Hmmm. Kitchen tables are for sharing wisdom, right? Well. Here’s a little data, a little experience to share. I did find two–very appreciative–takers today, but with the remaining four bags I experienced something of a packaging disaster. Turns out hot soup melts chocolate bars. And big cold oranges crack the tops of hot soup cups. And soup turns paper bags to pulp. And enough spilled soup turns cardboard boxes to mush. Now the oranges, which I sliced the skins of for easy peeling, have been soaked with the esence of chicken. Sigh. The only thing that survived unscathed was the polartec.Nevertheless I am not daunted. Lent is nearly upon us and if there was ever a time to take an hour (that’s all it took, from start of cooking to finishing delivering) (of course the clean up added an hour or so) out of my week to help a few other folks just a little, then surely the season of repentance, reflection, and fasting is it.Now I just need a little fresh thinking about packaging, etc., and perhaps I can redeem this whole mess for next time….. By the way, any ideas out there for chicken-flavored oranges?

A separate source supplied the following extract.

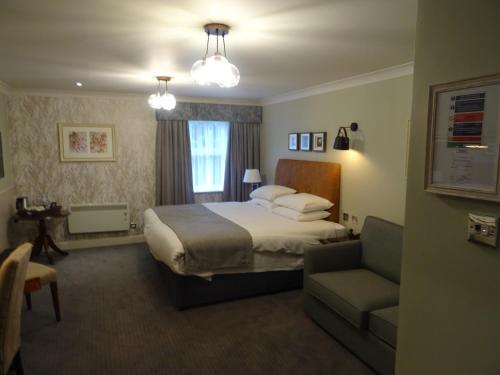 a hotel room with a bed and a chair at The Belmore in Sale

might i just add that anon. up above made my heart melt and added weep to my eyes. the image of anon. with chicken-soaked oranges. bus money. polartec fleece. that image will last with me, i think, for forever. God bless anon. and God bless those that she blessed. this is warming me in a way i’ve never been warmed–warmed to tingling, to burning–here on the darn coldest day i’ve felt in years. it is hard to put your head on the pillow such nights, when you close your eyes and see souls huddled under thin blankets, in the bowels of the city that shivers. to anon….for taking the little idea and making it magnificent. i too will adopt her lenten idea. what if there were legions of us, up off our chairs, dashing about the town, where ever we dwell, putting simple sustenance into the hands of the hungry. no committees. no by-laws. just the simple act of brown bags filled with goodness.
I must add one more thing. There is an insurmountable wall that separates us from doing things, obvious things, that are charitable or kind. It is built of guilt, helplessness, and fear, as well as the simply overwhelming business of trying to manage our own difficulties.But should you once attempt to climb that wall and take care of another in need nearby, with any small effort, you will find when you have taken that first step, that you’ve actually stepped over the wall, and you will be astounded that it was really just a line all along.Take a step, folks. It feels good.